Stanford researchers led by Mohamed M. Sabry Aly, Subhasish Mitra, and H.-S. Philip Wong developed a skyscraper computer chip with the idea of stacking application processors, memory modules, and other components on top of each other in “a revolutionary new high-rise architecture for computing.”
For decades, engineers have designed computer systems with processors and memory chips laid in single-story structures. Wires connect these chips and carry digital traffic between the processors that compute the data and memory chips that store it.
Stacking chips has long been viewed as a more practical path towards efficiency and powerful computing architecture over the current outline that lays out and connects components on a flat board. However, building a “skyscraper” chip has proven to be difficult using silicon-based integrated circuits that are tough to connect.

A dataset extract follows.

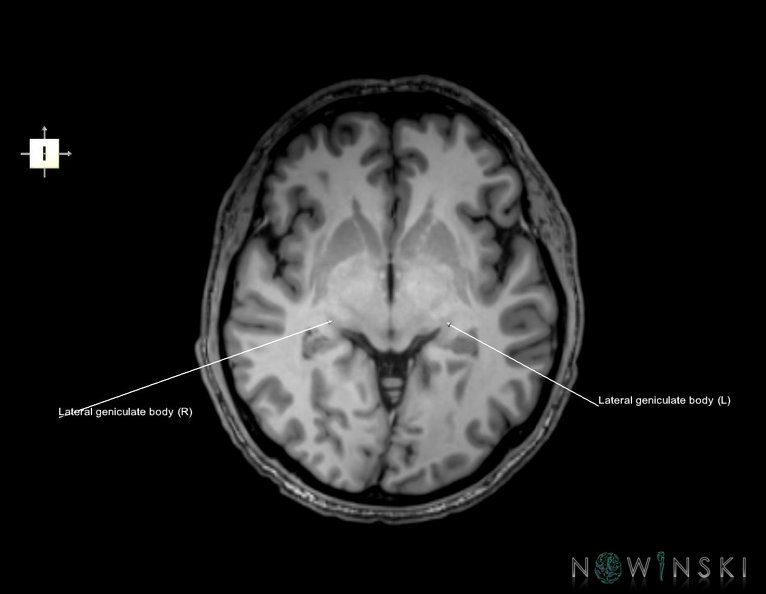 G6.T26.V6.P-03.Visual_system–Triplanar.tiff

Now, the research team has uncovered a way around the issue using new nano-materials to construct computer chips in place of silicon ICs. Its Nano-Engineered Computing Systems Technology, deemed N3XT, uses a process that involves building carbon nanotube transistors (CNTs) in a stacked arrangement. Instead of a limited number of wires connected to stacked silicon chips, a N3XT device will employ “millions of electronic elevators that can move more data over shorter distances than traditional wire, using less energy.” The skyscraper-style chip will also incorporate cooling to keep the thermals in check and prevent overheating, and has the capability to power computers at higher speeds by a factor of one thousand.

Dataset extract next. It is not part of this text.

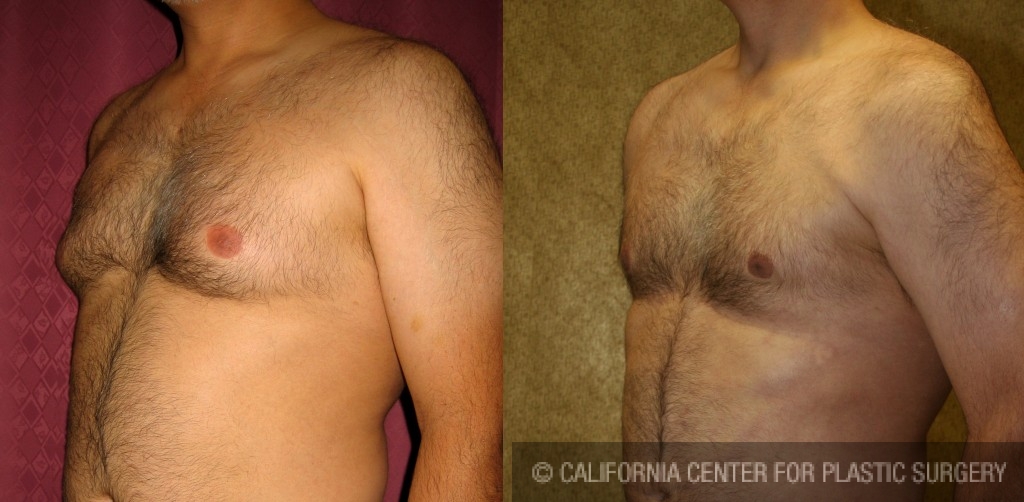 Male gynecomastia (breast) reduction Before & After Patient #6843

Rather than adding traditional wires to connect stacked chips in a N3XT system, communication between the components is built in during the process of fabrication. As CNTs are able to be created at lower temperatures than silicon-based transistors, it is possible to build components on top of one another. Silicon ICs have to be fabricated separately from each other and then stacked in a 3D arrangement later.

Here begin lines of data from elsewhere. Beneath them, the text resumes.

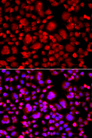 TP53BP2 / ASPP2 Antibody - Immunofluorescence analysis of A549 cells.
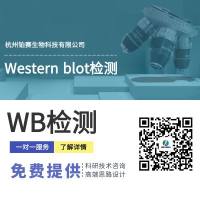 Western blot检测（WB）#Western Bloting#Western#蛋白质印迹法#免疫印迹试验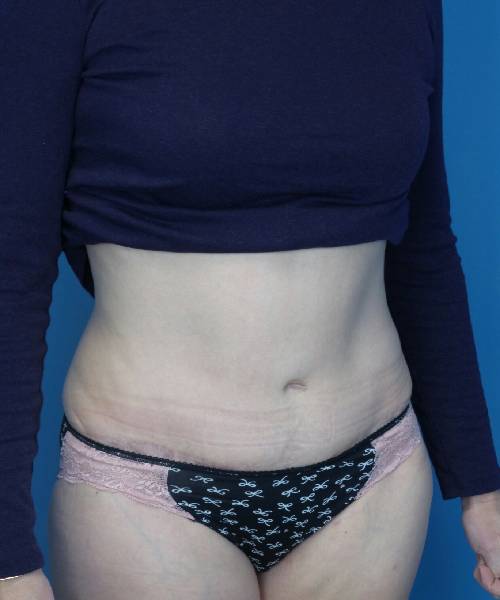 after tummy tuck angle view female patient case 1745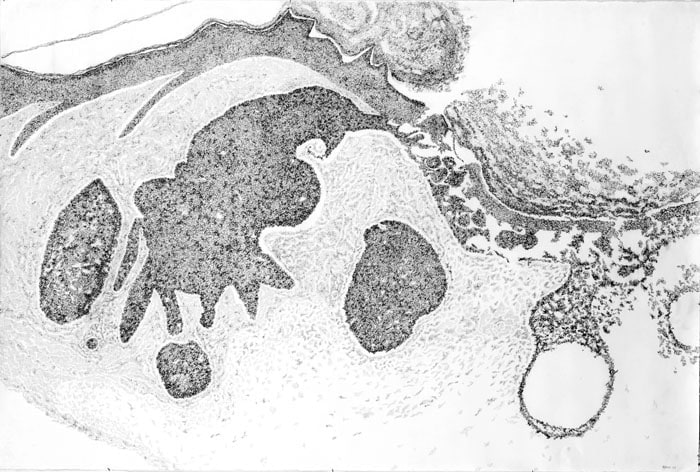 Jody Rasch, Beauty - Basal Cell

One setback to the introduction of chip-stacking technologies such as N3XT is the huge investment there already is in silicon-based technology by the global semiconductor industry.
“Shifting electronics from a low-rise to a high-rise architecture will demand huge investments from the industry,” the researchers said.
But the incentive to do so is high as this computational horsepower could unveil volumes of data relevant to some of the world’s biggest issues including health care and climate change.